As I have mentioned previously my husband and I are embarking on a journey to financial freedom using Dave Ramsey’s seven baby steps system. I know that some of you may already be familiar with Dave and his financial advice. This next series of posts however is for those who are not so familiar and for those who may need a refresher course. At it’s core the seven baby steps are a simple guide to getting your financial house in order and back on solid ground while becoming totally debt free.
Baby Step One: The Emergency Fund
This is the foundation on which the Total Money Makeover is built. The first of the baby steps is to save $1,000 as quickly as you can from the very start. The baby emergency fund is there as a safety net, and is only meant to cover unexpected emergencies, such as needing to get your car repaired, unexpected home repairs, or even a trip the the emergency room. It is there so that if you have one of these emergencies then you wont be tempted, or more importantly need to use your credit card to cover them going further into debt. You may be wondering how you are supposed to save up this amount when you live pay check to pay check. A few suggestions include have a yard sale, sell stuff on eBay, stop eating out, and simply stop spending unnecessarily in all areas that you can! I have personally made over $2,000 in a single year from selling things I didn’t need or use at a yard sale, and you can too. If you already have $1,000.00 or more in savings then you can proceed right to baby step two.

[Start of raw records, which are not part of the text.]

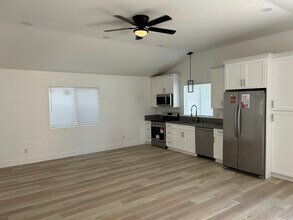 1061 18th St in San Diego, CA - Foto de edificio - Building Photo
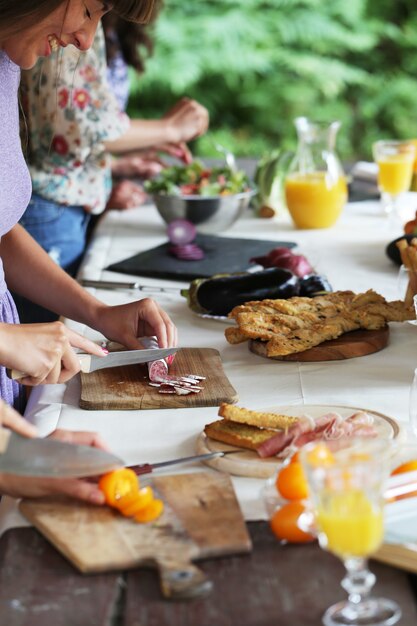 Preparando comida para picnic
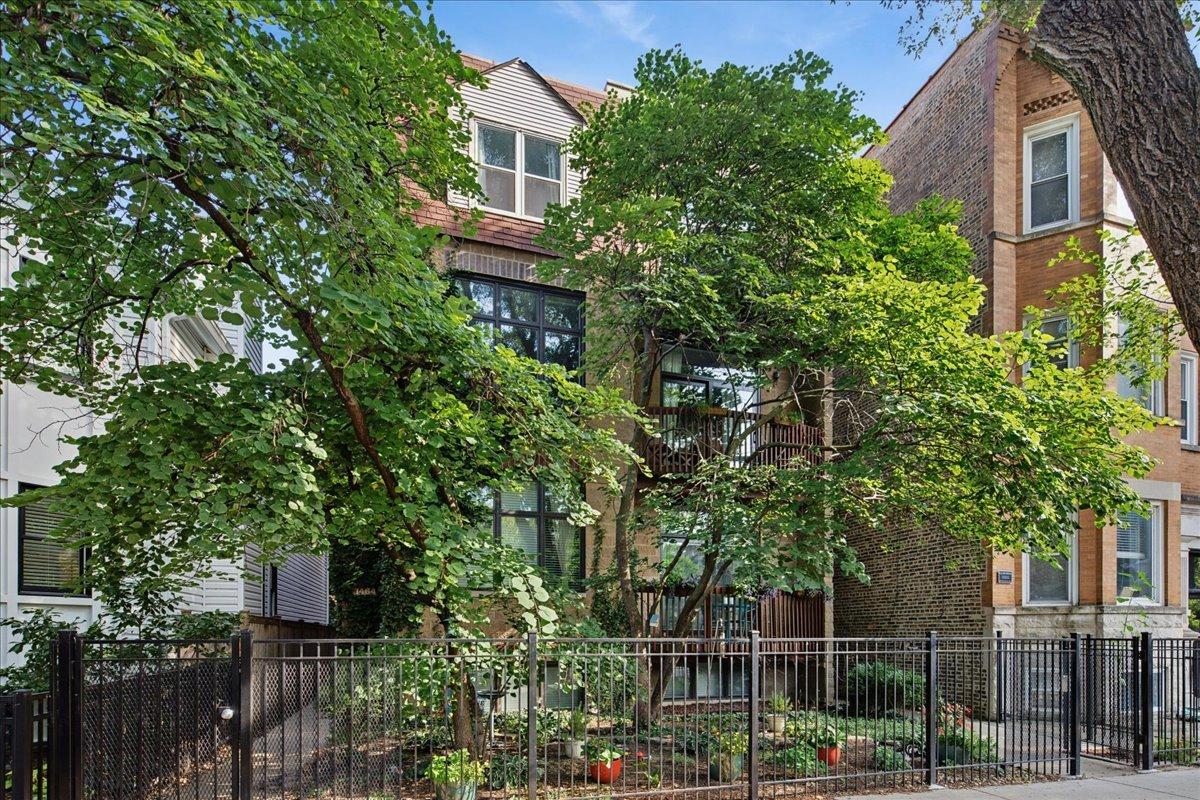 1464 W Grace St. #2F, Chicago, IL 60613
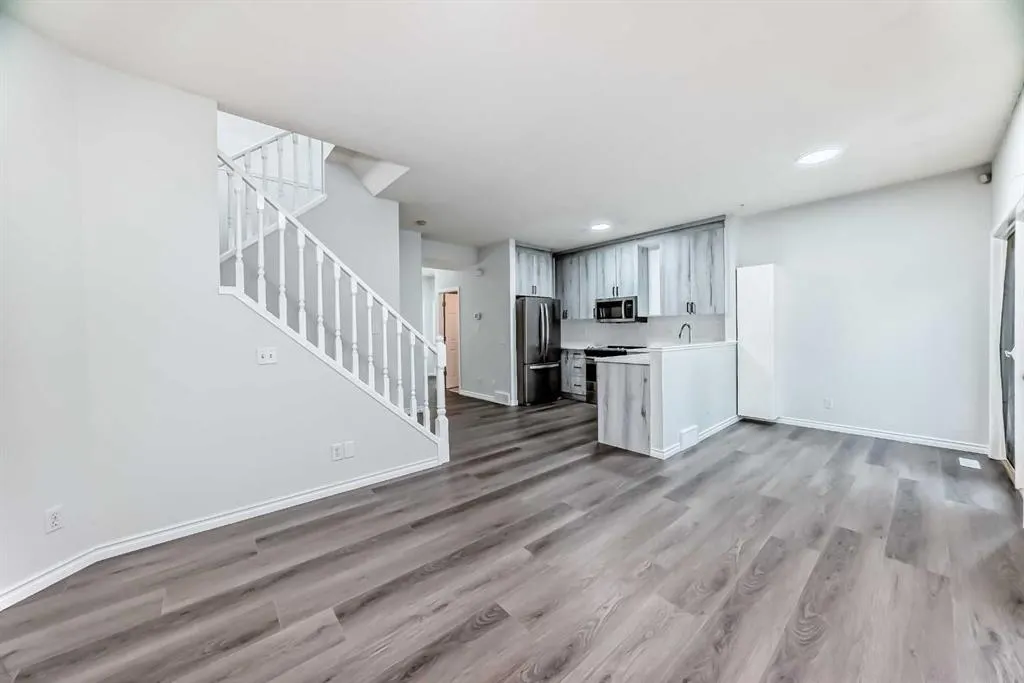 92 simcoe Place SW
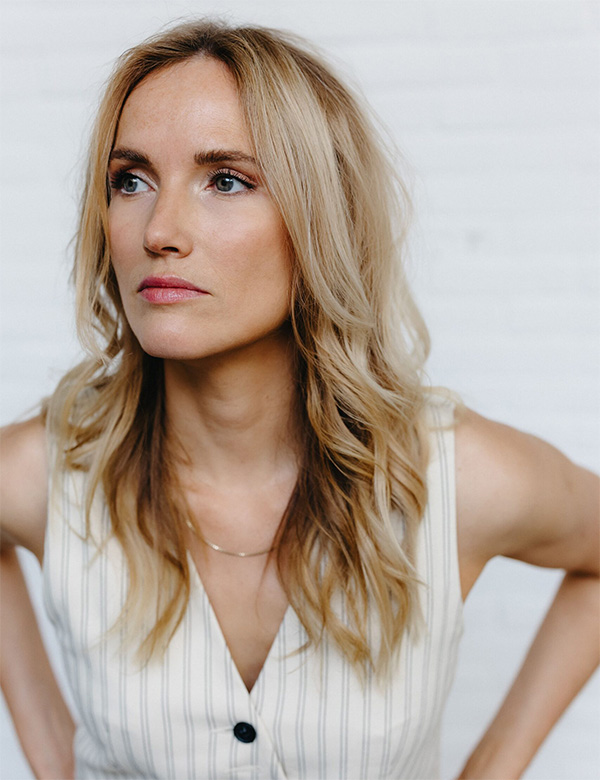 Vrouwelijk model met blond aar Marije M.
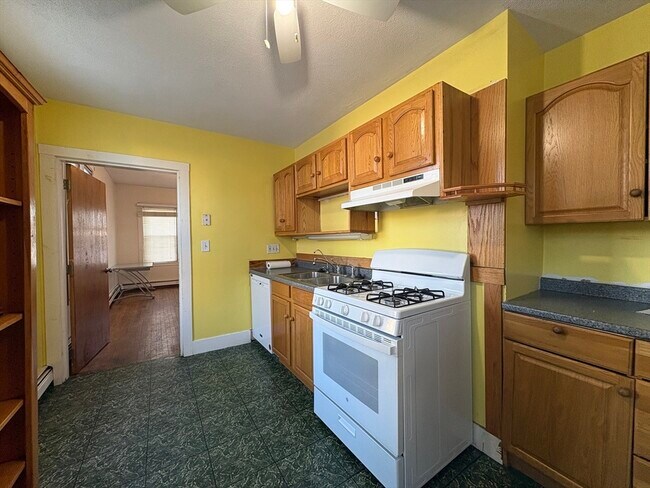 26 St James St in Newton, MA - Building Photo - Building Photo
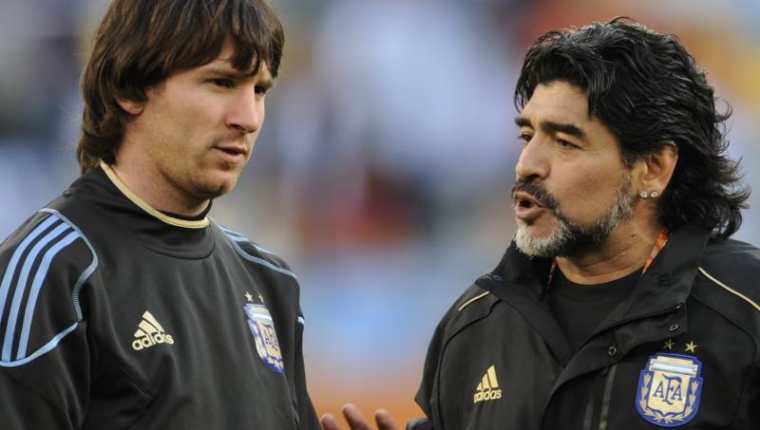 Diego Maradona dirigió a la albiceleste y a Lionel Messi en 2010. (Foto Prensa Libre: Hemeroteca PL)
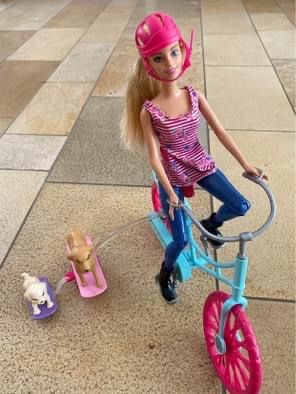Puppen: Barbie mit Velo & Hunde – Gebraucht aus Grenchen von codo05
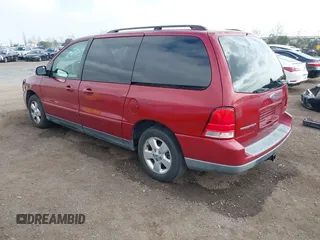 2004 Ford Freestar SES z VIN 2FMZA576X4BA87207, wystawiony jako IAAI lot #41542659 z przebiegiem 101 467 mil mil oraz . Historia ofert i sprzedaży dostępna na DreamBid. Obrazek 3.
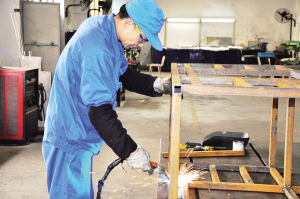 專注焊接技術(shù)革新35年 浦義平在高質(zhì)量完成訂單的同時，注重車間的效率和安全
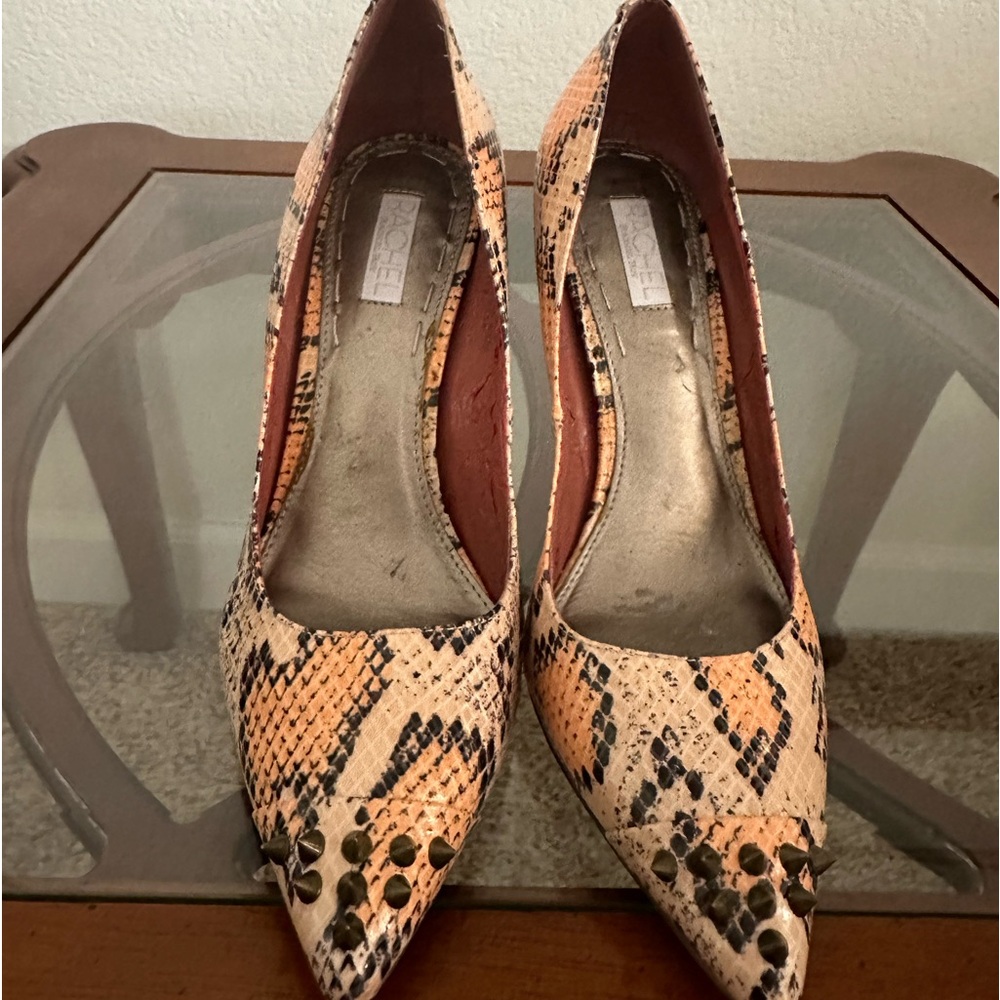 Sexy Rachael reptile, heels, pumps, size 7 1/2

Baby Step Two: Pay Off All Consumer Debt
The first step in baby step two is to list all of your debts from smallest to largest, don’t worry the about interest rates. This is the order you will be paying off your debts, from smallest to largest using the debt snowball method. It is important to list everything, don’t leave anything out. If you need some memory joggers, your debt list should include: student loans, outstanding medical bills, credit cards, bank loans, home equity loans, second mortgages, car loans (list them separately), etc. Dave Ramsey recommends only keeping a baby emergency fund of $1,000.00. If you have more then that saved he then recommends using that to pay off part or all of your smallest debt, or however many debts it will cover. The reason being is that if you are saving that money and not using it to pay off debt then it really isn’t “your money” it is instead a loan to stay in debt, at a high interest rate. I know it is a scary feeling, but the idea is to get out of debt as quickly as possible so that you can begin to build wealth, and you can not do that while paying the bank or credit card companies interest. There is an exception to this rule however, and that is if you see a financial storm headed your way. These storms would be a impending lay off for the main income earner for the household, a new baby on the way and mom’s income will take a hit, or disappear all together, etc. This however does not include a cruise you were wanting to go on or elaborate Christmases gifts for family and friends. If a true financial interruption is headed your way then you need to continue to save and only pay the minimum on your debts until the storm has passed. When things go back to normal use all but the original baby emergency fund to pay off your debt. These first two baby steps are your pathway to debt freedom. By the time you have completed baby step two you will be totally debt free, something my husband and I are still working on. The next four baby steps are equally as important, however, they are what you do once you have paid off all of your consumer debt (excluding the house).